What did my friends think of several films I saw recently?

all images from imbd.com

all images from imbd.com


Introduction & Data Collection

This assignment demonstrates the process of loading information from a SQL database into an R dataframe. I chose six movies and asked friends on facebook to rate the movies on a scale of 1 to 5 (where 1=Strongly Dislikes, …, 3=Indifference, …, & 5=Strongly Liked the movies). The movies were recent & relatively popular movies that I had seen in the theater. It was difficult for me to chose movies, because I have rather eccentric taste and wanted to suggest titles that at least several of my friends had hopefully seen. There was one exception, however, I had not seen BlacKkKlansman. I just got too busy and never made it to the theater. Perhaps from surveying my friends on thier thoughts of the movie, I can make an estimate of how I would rate BlacKkKlansman?…..

The movies I chose were:

  1. Black Panther (2018)
  2. Parasite (2019)
  3. Us (2019)
  4. BlacKkKlansman (2018)
  5. Get Out (2017)
  6. Star Wars: The Last Jedi (2017)

34 responses were received, however, of these, only 22 where considered for further analysis because ratings were given for at least half (>=3) of the movies.
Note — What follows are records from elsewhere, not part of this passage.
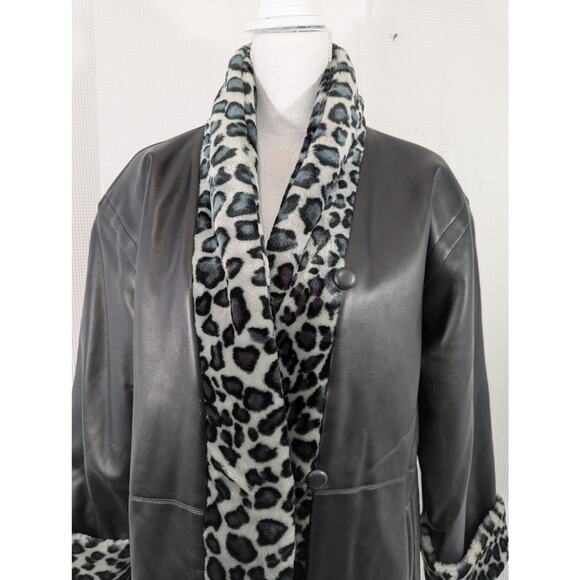 NWOT! ATLANTIC BEACH! LUXE VEGAN LEATHER, BLACK/GRAY LEOPARD FAUX FUR COAT! SZ L - Picture 5 of 9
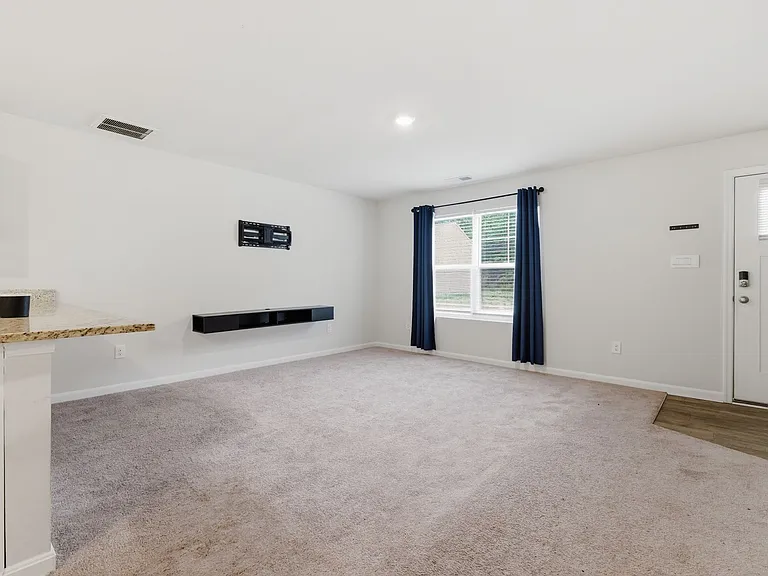 3605 Roselawn Ter — Photo 6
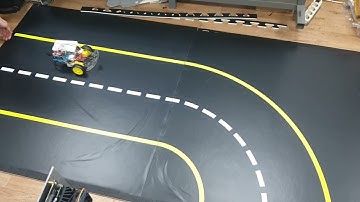 Lane following 2 differential wheel robot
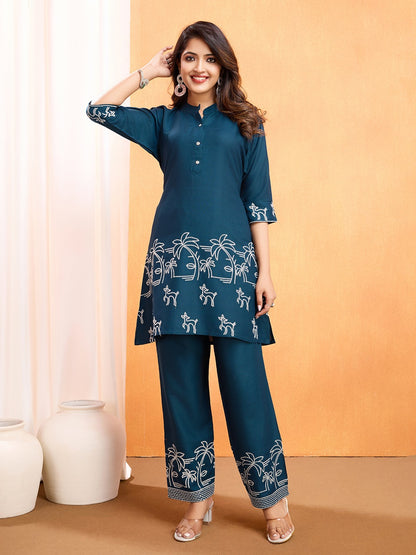 Stylish Kurti Set with Embroidery Work – Close-Up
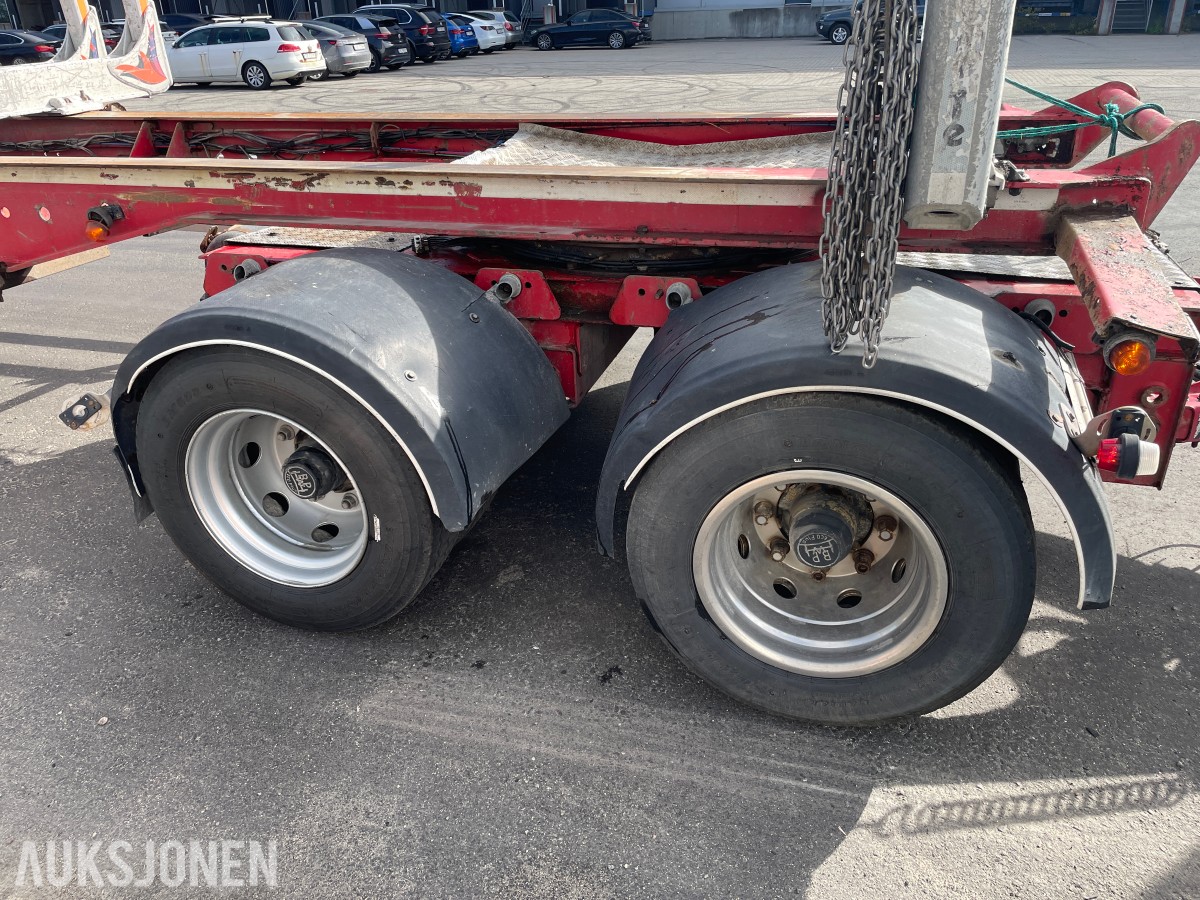 2015 Närko D4YS11T11 tømmerhenger med Exte banker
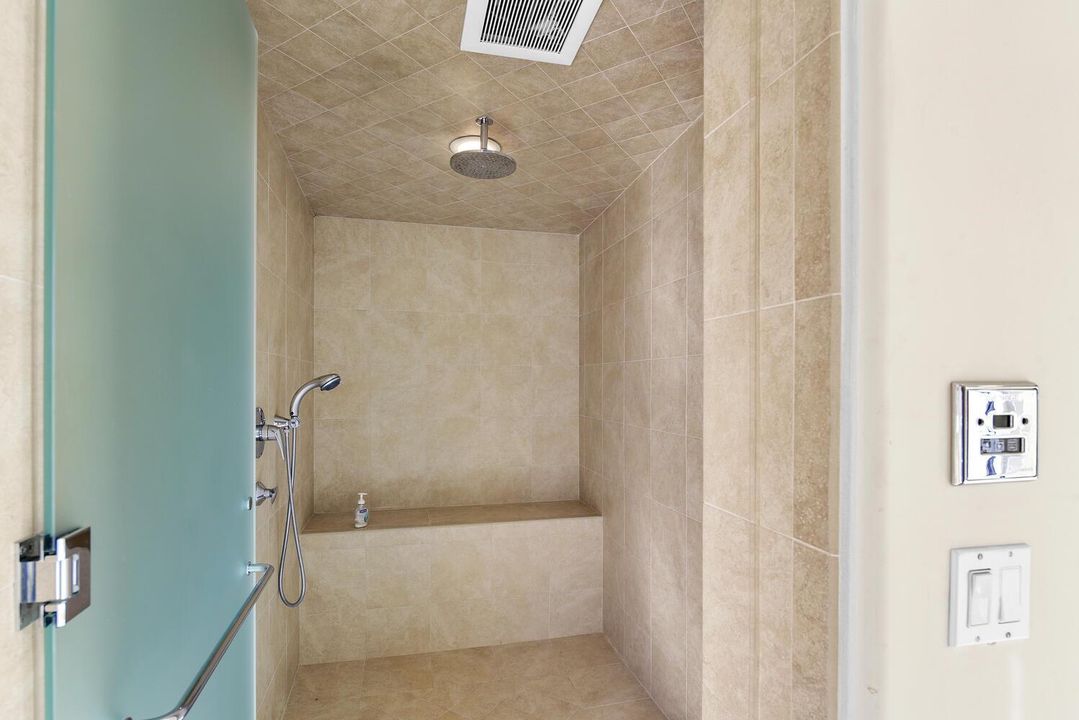 3343 S Indian River Dr Fort-large-026-04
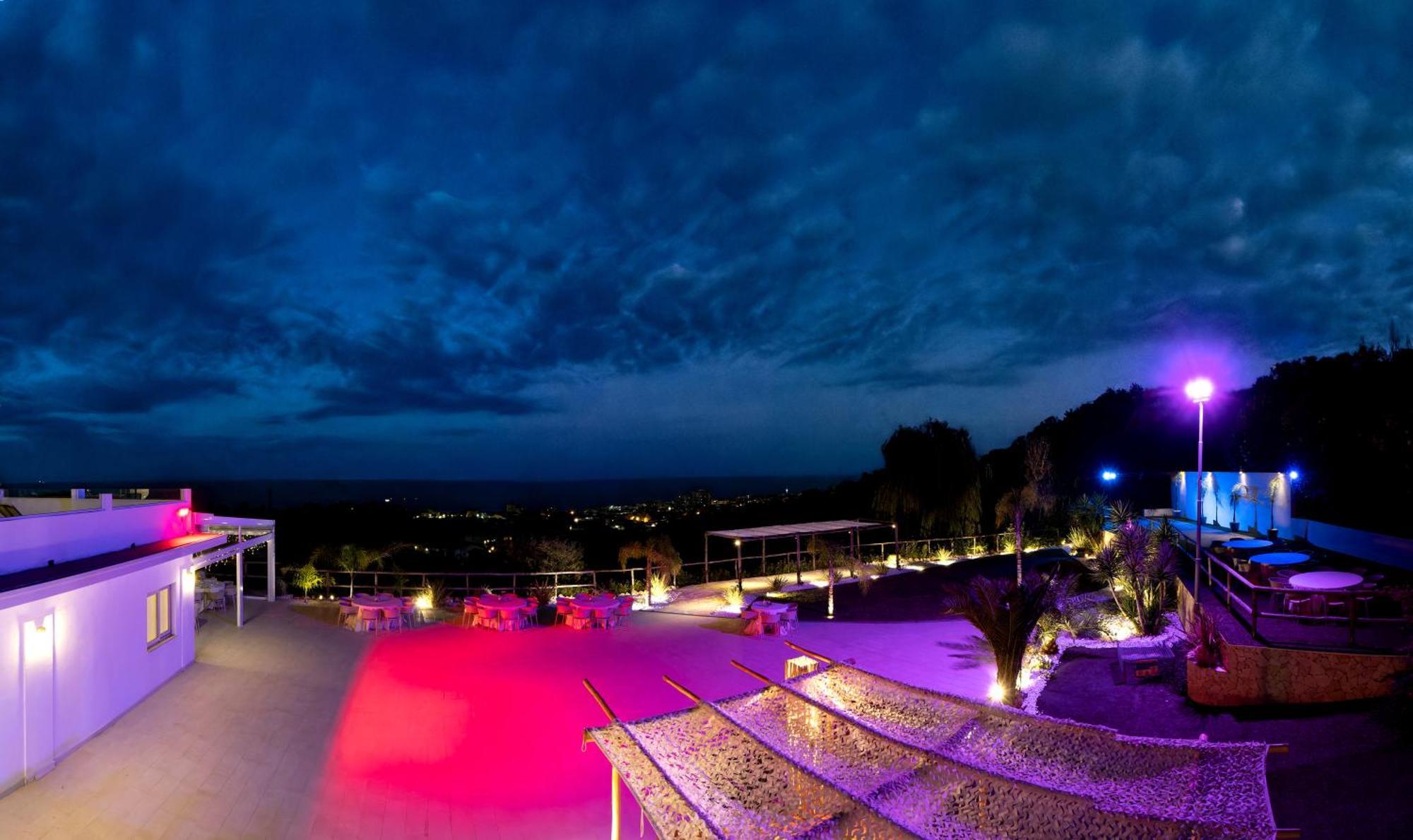 Bed and Breakfast Terrazza sul Mare Roseto Degli Abruzzi Esterno foto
With MySQL Workbench, the data was stored in a SQL database, ‘movie_ratings’, as a table, ‘FB_friend_ratings’.
The SQL script to load the data can be found here: DATA607: load_FB_friend_ratings.sql

Here we will look at two methods to load the data into RStudio:

  1. Access the SQL data directly from R
  2. Access the data through an intermediary .csv file

1. Accessing the SQL data directly from R

First we load the necessary R libraries.

Next, we establish a connection to a MySQL database. The block of R code below shows the syntax for the connection. However, the actual line that is executed (and that contains my password) is hidden.

## <MySQLConnection:0,0>

Great!, we have established a connection and can now list the tables in the database ‘movie_ratings’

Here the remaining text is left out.